Exercise
Once the pictures are set aside, transcribe each line of the data exactly.

Collected material
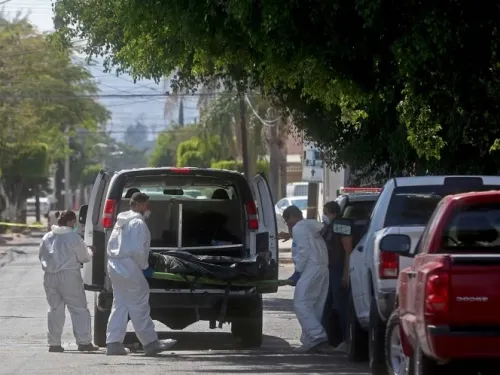 Hallan 27 cuerpos y siete cráneos en fosas de Jalisco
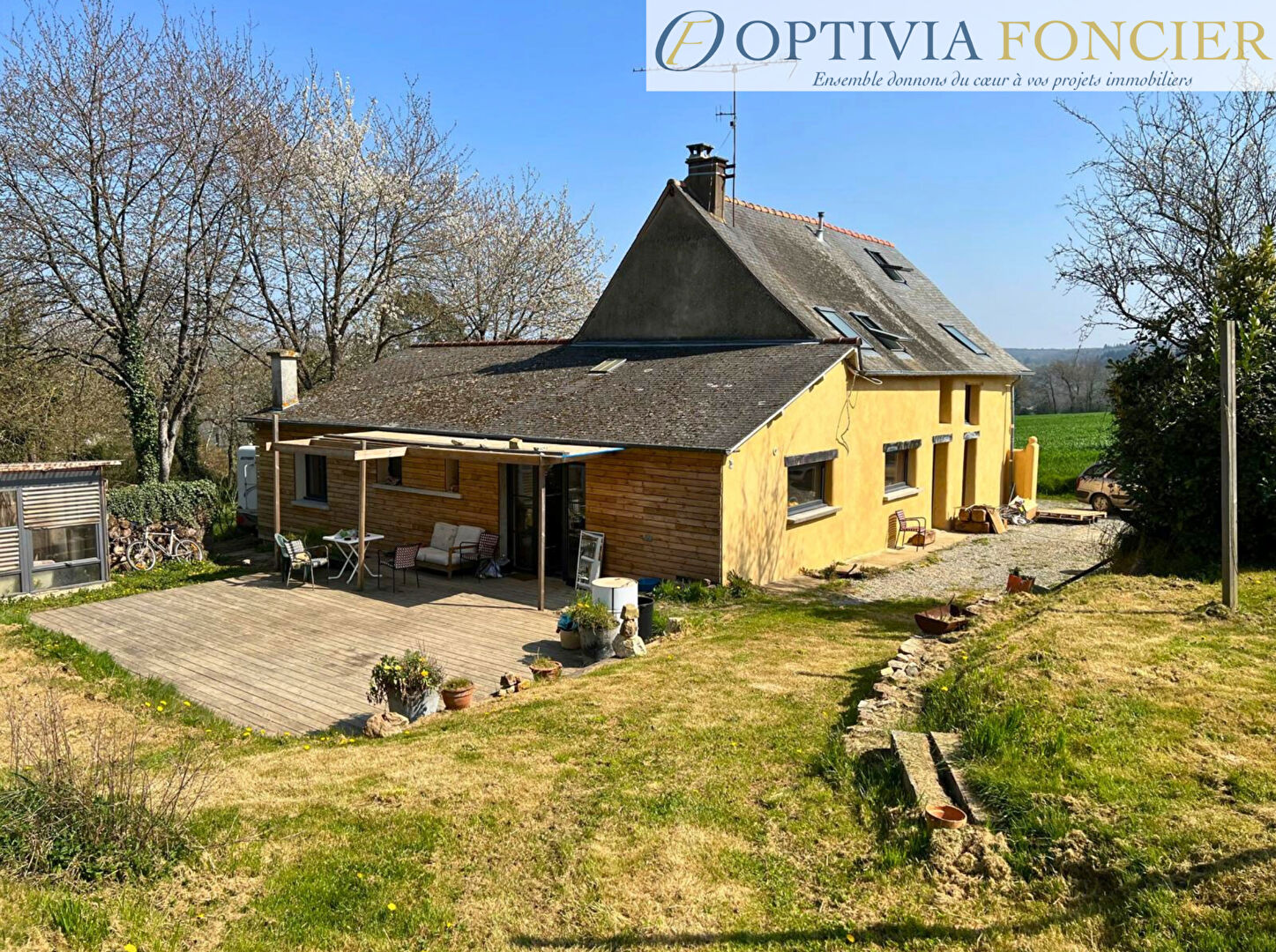 Photo Longère en pierre T6 Guichen 140 m² - 4 980 m² de terrain image 2/6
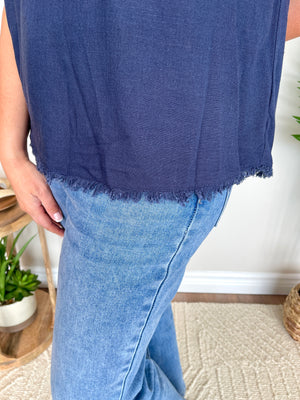 Bright Blooms Top | Navy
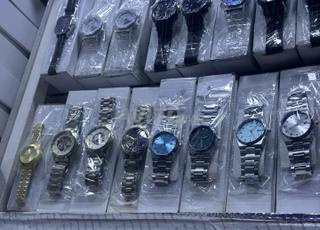 Montres Homme Élégantes – Plusieurs Modèles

Answer below
 Hallan 27 cuerpos y siete cráneos en fosas de Jalisco
 Photo Longère en pierre T6 Guichen 140 m² - 4 980 m² de terrain image 2/6
 Bright Blooms Top | Navy
 Montres Homme Élégantes – Plusieurs Modèles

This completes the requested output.